BEGIN Dataset entries
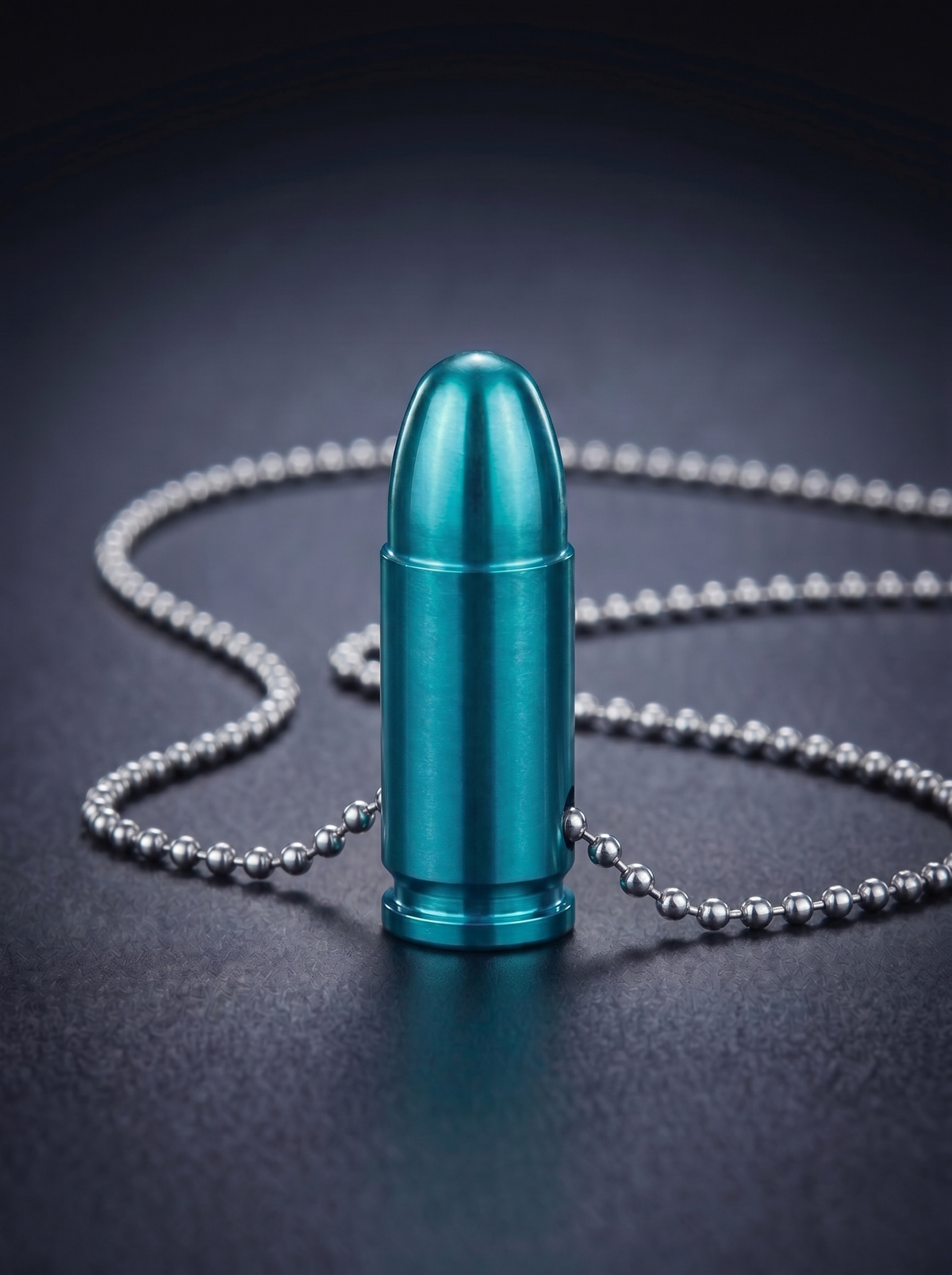Green titanium pistol cartridge pendant on ball chain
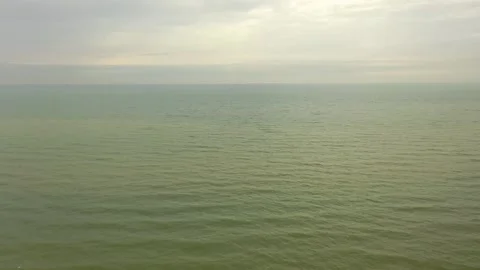 Drone shot of calm water surface Lake Michigan minimal background 4K Stock-Footage 331577421
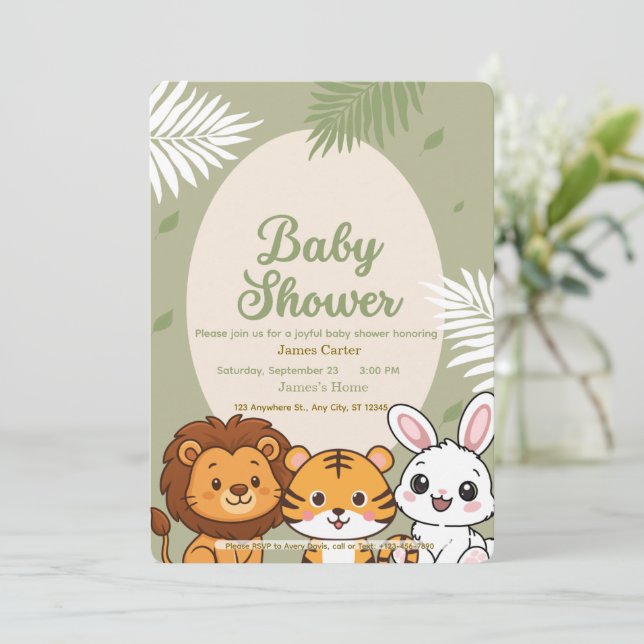 Jungle Safari Baby Shower Invitation Inbjudningar (Stående Fram)
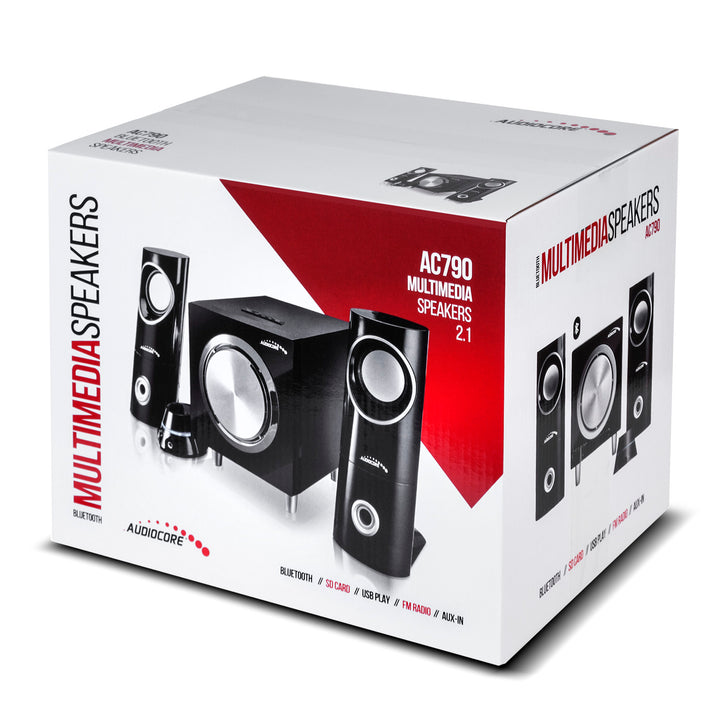 Set boxe Audiocore - AC790 2.1, Radio FM, intrare card SD / MMC, AUX, USB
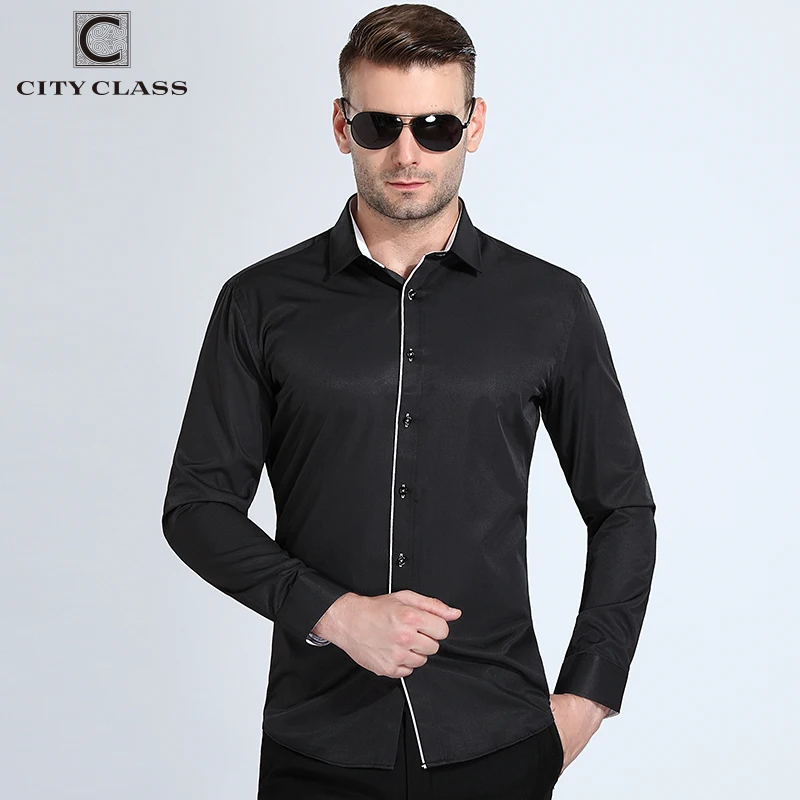 Город класса 2018 мужская одежда Slim Fit Рубашки для мальчиков Бизнес с длинным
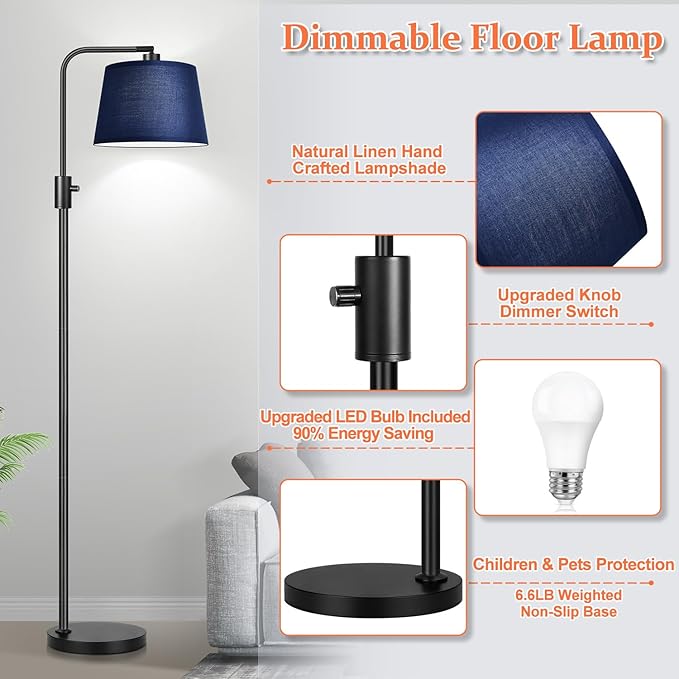 Nintiue 【Upgraded】 Dimmable Floor Lamp, 1000 Lumens LED Edison Bulb Included, Modern Arc Standing Tall Floor Lamp for Living Room Bedroom Office Dining Room - Blue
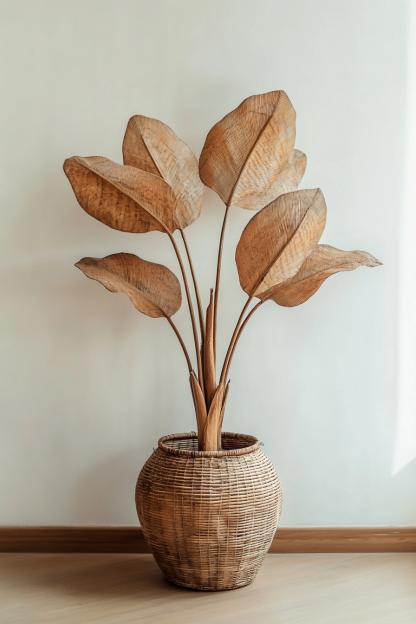 Wicker vases, artificial flowers, fake flowers, living room and dining table decorations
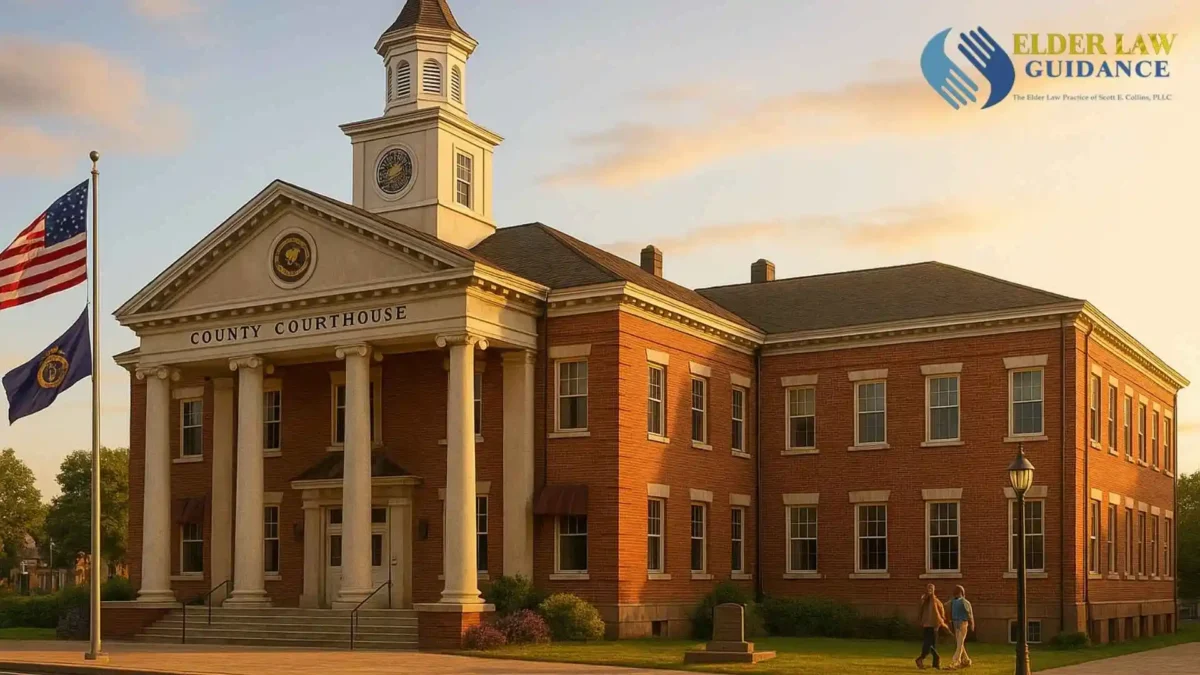 Drawing of a county courthouse, a place where a VA disability attorney would be needed.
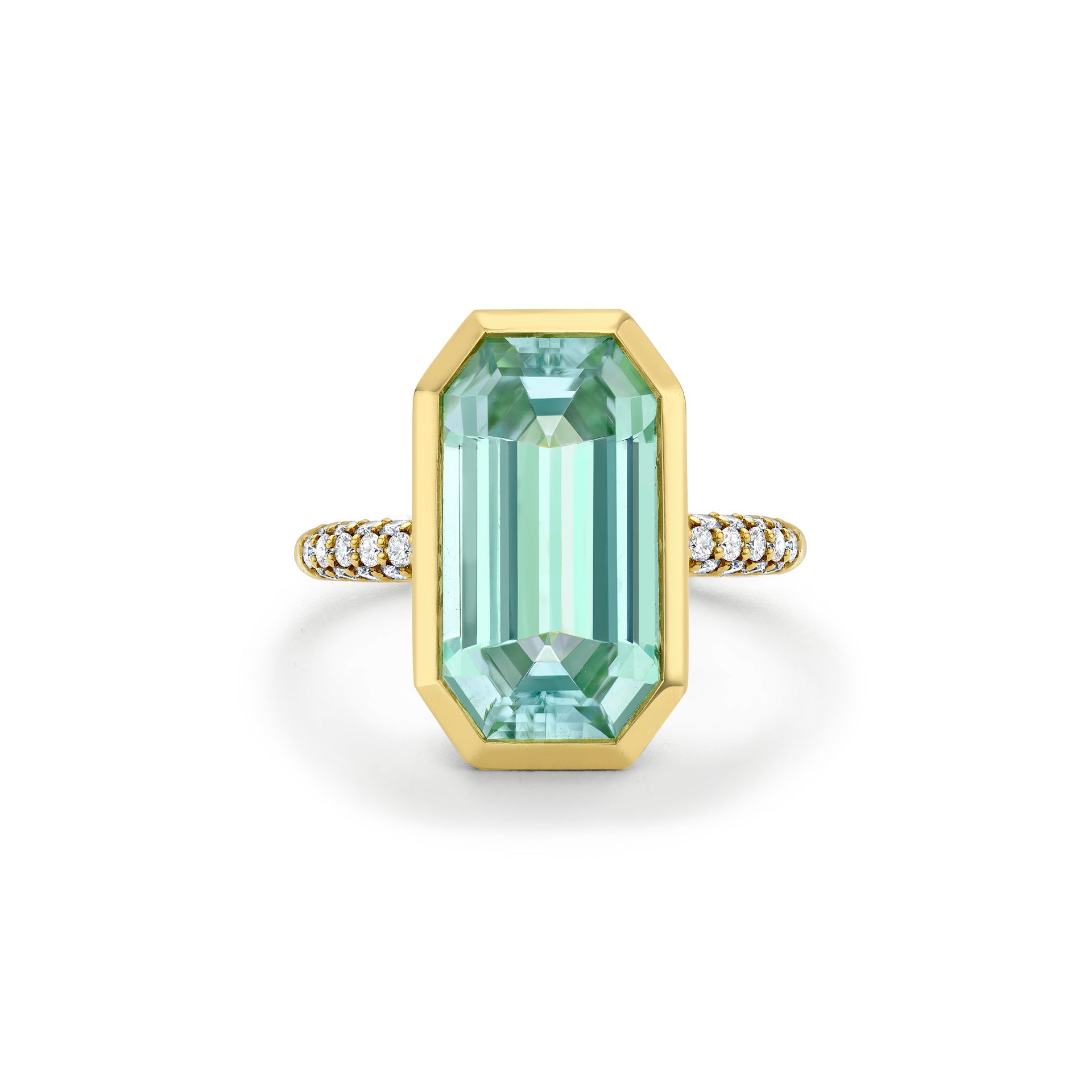 Florentine Dolce Vita Mint Green Tourmaline Yellow Gold Ring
END Dataset entries
### Instructions for the task
Leave out the pictures, and retype exactly the lines from the one containing "Drone shot of" through the last line of the data above, no more and no less.

### Response area
 Drone shot of calm water surface Lake Michigan minimal background 4K Stock-Footage 331577421
 Jungle Safari Baby Shower Invitation Inbjudningar (Stående Fram)
 Set boxe Audiocore - AC790 2.1, Radio FM, intrare card SD / MMC, AUX, USB
 Город класса 2018 мужская одежда Slim Fit Рубашки для мальчиков Бизнес с длинным
 Nintiue 【Upgraded】 Dimmable Floor Lamp, 1000 Lumens LED Edison Bulb Included, Modern Arc Standing Tall Floor Lamp for Living Room Bedroom Office Dining Room - Blue
 Wicker vases, artificial flowers, fake flowers, living room and dining table decorations
 Drawing of a county courthouse, a place where a VA disability attorney would be needed.
 Florentine Dolce Vita Mint Green Tourmaline Yellow Gold Ring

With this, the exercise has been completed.